Como e por que a autoridade política transforma as relações sociais quando confunde os privilégios do cargo com benesses pessoais
Ao longo da história, muitas e variadas têm sido as formas de descrever o poder político, e talvez não haja nenhum outro dito tão conhecido e tão citado quanto este, pronunciado por Lord Acton. A imputação de que o poder absoluto é intrínseca e irremediavelmente corruptor ganhou uma validação quase irrefutável com a experiência dos totalitarismos do século XX, seja na versão nazista, seja na stalinista. Tais exercícios levaram o conceito de poder absoluto ao seu extremo. Frente a ele, o exemplo dos chamados monarcas absolutistas dos séculos XVII, XVIII e XIX, permanece muito aquém dos limites de brutalidade, arbitrariedade e de desagregação das estruturas sociais atingidas pelos sistemas totalitários.

Lord Acton: "O poder tende a corromper - e o poder absoluto corrompe absolutamente".
Não somente o passado recente comprovou a sabedoria do dito de Lord Acton, mas a própria teoria política, desde a mais remota antiguidade, já afirmava que o poder absoluto corrompe plenamente. Platão, ao comparar as formas de governo, em sua "República", situa a tirania como a pior de todas elas.
O filósofo grego descreve com maestria como o tirano alcança o poder - com o apoio ingênuo das massas; a maneira como transforma este poder em poder absoluto - eliminando seus adversários; como substitui as pessoas de qualidade que, iludidas, o acompanharam - substituindo-as por indivíduos corruptos e submissos; como se cerca de uma guarda pessoal e de como é forçado a recorrer a guerras - para distrair a atenção do povo. Sua representação da tirania como forma de governo e a deformação que introduz na personalidade do tirano é clássica e definitiva, antecipando em detalhes o comportamento dos totalitários modernos.
O poder que não é absoluto
Esclarecido, então, que o poder absoluto corrompe absolutamente quem o exerce, persiste a dúvida: por que o poder que não é absoluto tende a corromper? Em primeiro lugar, é necessário conceituar mais precisamente o significado de "corromper", já que a expressão, em sua correta acepção, não equivale, necessariamente, à prática da corrupção.
O sentido do verbo corromper é muito mais amplo e significa a transformação que se opera no indivíduo que é alçado a posições de poder que o tornam diferente dos demais cidadãos.

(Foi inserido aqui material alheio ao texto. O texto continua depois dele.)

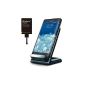 Kosee Qi Wireless Charging Station Intelligent Edge for Samsung Galaxy Note (Electronics)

A ascensão a funções de poder político deslocam o sujeito da esfera da vida privada para a da vida pública - e esta não é uma mudança banal. Principalmente porque a autoridade política implica poder sobre as pessoas. Ela agride o sentimento profundo de uma radical igualdade entre os indivíduos.
Liberdade e organização
O poder tende a corromper porque há um inclinação em perceber as homenagens e deferências prestadas ao cargo como se fossem dedicadas à pessoa
O poder político tem sua origem na necessidade - e não na espontânea vontade - de os indivíduos viverem submetidos a uma autoridade. Todas as sociedades, em todos os tempos, tiveram que definir sua própria combinação entre liberdade e organização. Uma coletividade na qual os cidadãos são totalmente livres é uma utopia. Assim como é totalitária uma sociedade onde a liberdade individual é substituída pela adesão disciplinada e compulsória às regras ditadas por quem detém o poder.

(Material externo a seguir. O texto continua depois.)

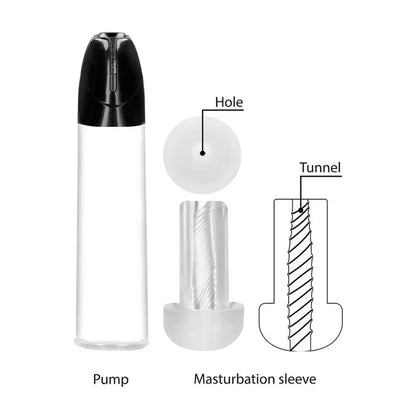 Elevate Pleasure with the Rechargeable Smart Cyber Pump and Sleeve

Na verdade, todas as obras dos autores clássicos da teoria política ocidental podem ser resumidas nesta polaridade: como conciliar liberdade e organização? O controle sobre os demais, exclusivo da esfera política, diferencia-se, portanto, de todas as outras formas de poder existentes na vida em sociedade.
Tal modalidade de domínio, amparado no uso legítimo da "sanção física" (punição), é exclusivo do Estado, que detém o seu monopólio dentro de um território definido e sobre uma população determinada. No seu limite, o poder pode chegar a exigir a vida dos que a ele estão submetidos. Na sua operação normal, ele depende do que Max Weber chamou de "uso ou ameaça de uso da sanção física", para assegurar o respeito às leis.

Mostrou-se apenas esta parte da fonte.